Third-person effect in psychology is a theory that people think they are less influenced than third parties by persuasive messages in the media.
The third-person effect is a psychological finding that people think others are influenced by mass media messages more than they are themselves.
In fact, it is one of the most intriguing things about the psychology of persuasion, how many people say that persuasion attempts have little or no effect on them but probably work on third parties.
Indeed, the theory is sometimes known as the third party theory.
Other people, oh sure, adverts, work on them.
But not you and I, we’re too clever for that.
Attractive woman holding a bottle of beer?
Hah! How stupid do they think we are?
We know what they’re doing and we wouldn’t fall for such cheap tactics.
Would we?
Third-person effect examples
So pervasive is this feeling that only ‘other’ people are influenced by things like adverts that many studies on the third-person effect have explored the idea, with an initial surge in the 1980s and 90s.
Psychologists wanted to see how much people thought they were influenced by persuasive messages like adverts and compare it with actual attitude changes, if any.
Typically these third-person effect studies first got participants to watch an advert, read a newspaper article or other medium containing a persuasive message.
Then they were asked how much it had influenced them and how much it might influence other people.
Since the experimenters measured actual persuasion and knew from previous research how influential the messages were, they could compare people’s guesses with reality.
What they found, in study after study on the third-person effect, was that participants thought others would be influenced by the message, but that they themselves would remain unaffected.
When psychologists looked at the results, though, it was clear that participants were just as influenced as other people.
This was dubbed the ‘third-person effect’.
When the third-person effect is stronger
Reviewing the research in this area, Perloff (1993) found that studies on political adverts, defamatory news stories, public service announcements and many more all showed a robust third-person effect.
Similar conclusions were reached by Paul et al. (2000), who looked at 32 separate studies on the third-person effect.
Perloff also found that when people don’t agree with the message or judge its source as negative, the third-person effect became even stronger.
The third-person effect is also stronger when messages aren’t directly relevant to people.
In other words people are likely to be influenced more than they think on subjects that are currently of little or no interest to them.
An everyday example would be seeing an advert for a car, when you’re not in the market for a new car.
We’d probably guess it has little or no influence on us, but this research suggests we’d be wrong.
Take back control
The third-person effect is unusual because it goes against the general finding that we overestimate other people’s similarity to ourselves.
This is what psychologists call the false consensus effect: we tend to assume that others hold more similar opinions and have more similar attributes and personalities to ourselves than they really do.
The third-person effect, though, goes in the other direction.
When it comes to influence, instead of thinking other people are similar to us, we think they’re different.
There are two facets of human nature that support this exception:
- Illusion of invulnerability.

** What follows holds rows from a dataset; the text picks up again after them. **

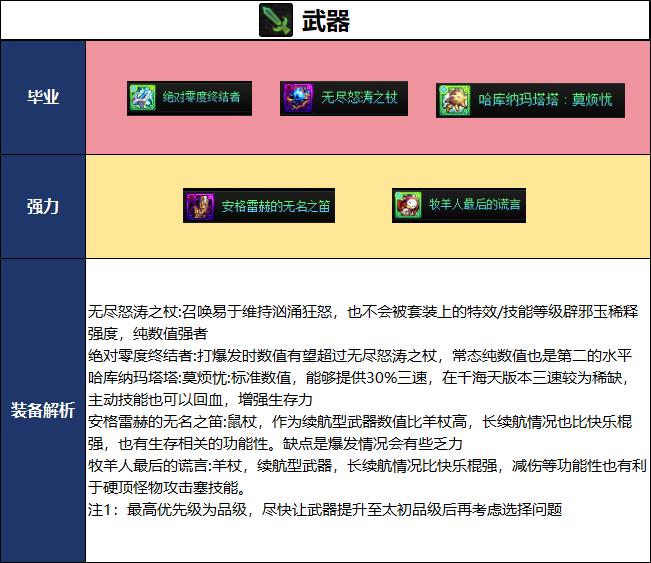 DNF2026夏日版本召唤毕业武器选择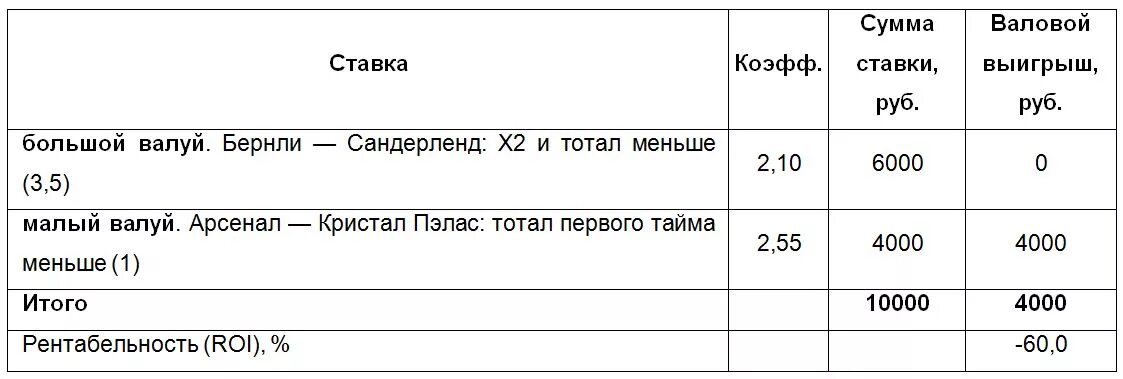 Также сумму ставки по. Валуйные ставки. Валуй в ставках. Валовая ставка это. Ставка Валуй дня.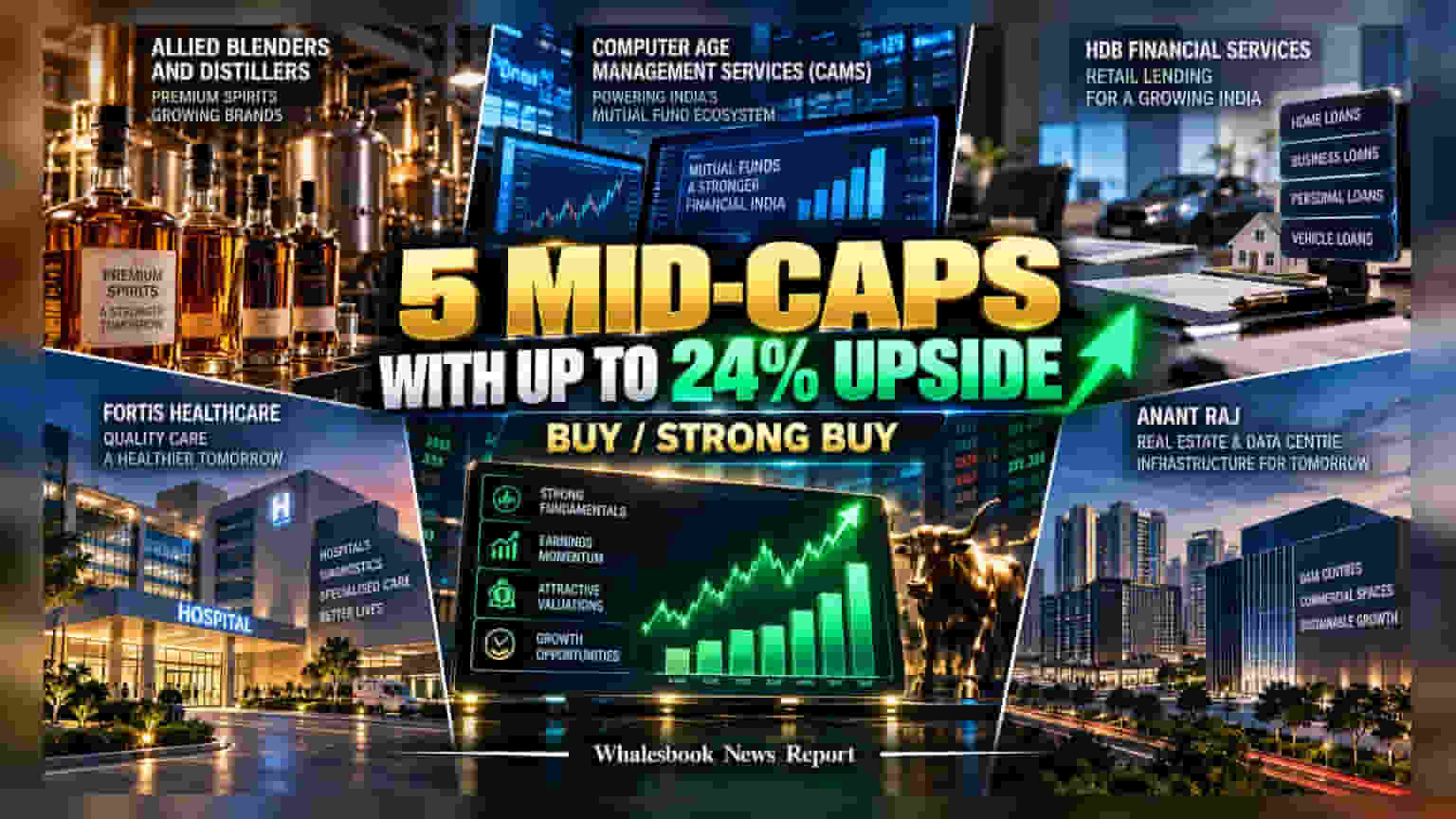 Five Mid-Cap Stocks Highlighted in Recent Quantitative Screen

People prefer to believe that they are, on average, less vulnerable than others to negative influences, like unwanted persuasion attempts. We all want to protect our sense of control over our lives. One way we do that is to assume that ads only work on other people.
- Poor self-knowledge. Although it’s an unpalatable idea, we often don’t know what’s really going on in our own minds (see the hidden workings of the mind). Not only does this make scientific psychology a tricky enterprise, it also means that many of our intuitions about the way our own minds work are scrambled and subject to biases like the illusion of invulnerability. The effect of persuasive messages is a good example of this.
People often react to this sort of research by saying it’s disheartening, which it is.
It’s not a happy thought that we don’t know how easily we are influenced because we don’t really know what’s going on in our own minds.
However, sticking our heads in the sand and pretending influence attempts don’t work is likely to increase our vulnerability.
On the other hand, if we acknowledging our lack of insight into our own thought processes, we can raise our defences against the power of advertising and messages of influence, and take back control for ourselves.